WRAPPED AND STUFFED PORK TENDERLOIN

FOUR_TOQUES_pork_BIG

 

FOUR TOQUES
Margaret Edwards

 

1 pkg. pork tenderloin (usually contains 2)
6 oz. or 10 slices prosciutto (5 for each tenderloin)
1 pkg. Boursin Cheese (can use spiced goat or cream cheese)

Wash the tenderloins and trim of excess fat and silverskin. Trim the end so each tenderloin is of uniform thickness from end to end. Butterfly the tenderloins by making a 1” deep cut down the length of each; do not cut all the way though.
Stuff each with half the Boursin. Lay 5 slices of prosciutto out, side by side, and slightly touching. Position the tenderloin across the slices and roll the ham around it. Sear in canola oil over medium-high heat until browned all over (5-8 minutes). Chill thoroughly. Bake at 375 degrees for 30 minutes. Allow to rest for 10 minutes before carving into 2”pieces. Serve with Apple/Sage Sauce or Avocado Mock Hollandaise

Avocado Mock Hollandaise:

2 eggs
½ avocado (if Haas avocado, use whole)
2 Tbsp. fresh lemon juice
½ tsp. kosher salt
1/8 tsp. cayenne pepper

Put all above ingredients in a blender. While blending, drizzle in 1 stick melted unsalted butter. Taste for seasoning. Sauce may also be used with crab cakes, beef, vegetables, as a base for salad dressings or when the butter hardens as a spread for crostini.

Apple/Sage Sauce:

Makes approximately 1 cup.
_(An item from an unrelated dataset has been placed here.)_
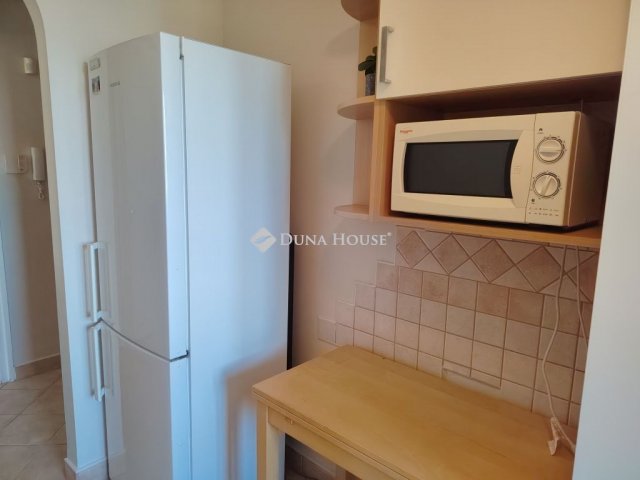 Eladó téglalakás, Székesfehérvárott 61.5 M Ft, 2 szobás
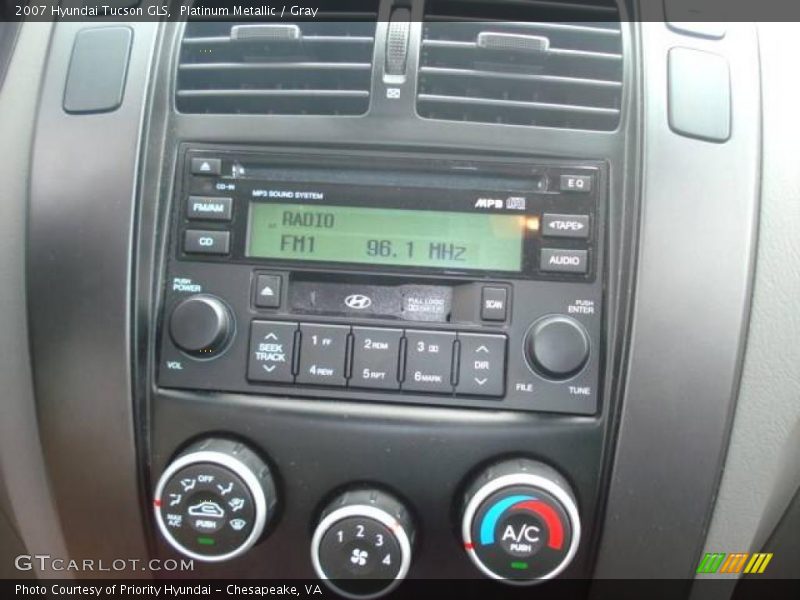 Platinum Metallic / Gray 2007 Hyundai Tucson GLS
Takes 30 minutes for preparation.
1 Tbsp. unsalted butter
½ cup chopped yellow onion
¼ cup each, chopped carrot and celery
1 Tbsp. tomato paste
2 bay leaves

Saute above ingredients in melted butter until softened, approximately 5 minutes.
Then deglaze with ¼ cup apple juice or apple cider and ¼ cup dry white wine.
In separate bowl, whisk together 2 Tbsp. water and 2 tsp. cornstarch.
When mixture is smooth, blend into the sauce. Finish the sauce with 1 Tbsp. apple jelly, 1 Tbsp. truffle butter (or regular butter,) salt and pepper to taste and 2 tsp. chopper, fresh sage. To freeze the sauce, omit the fresh sage until ready to serve.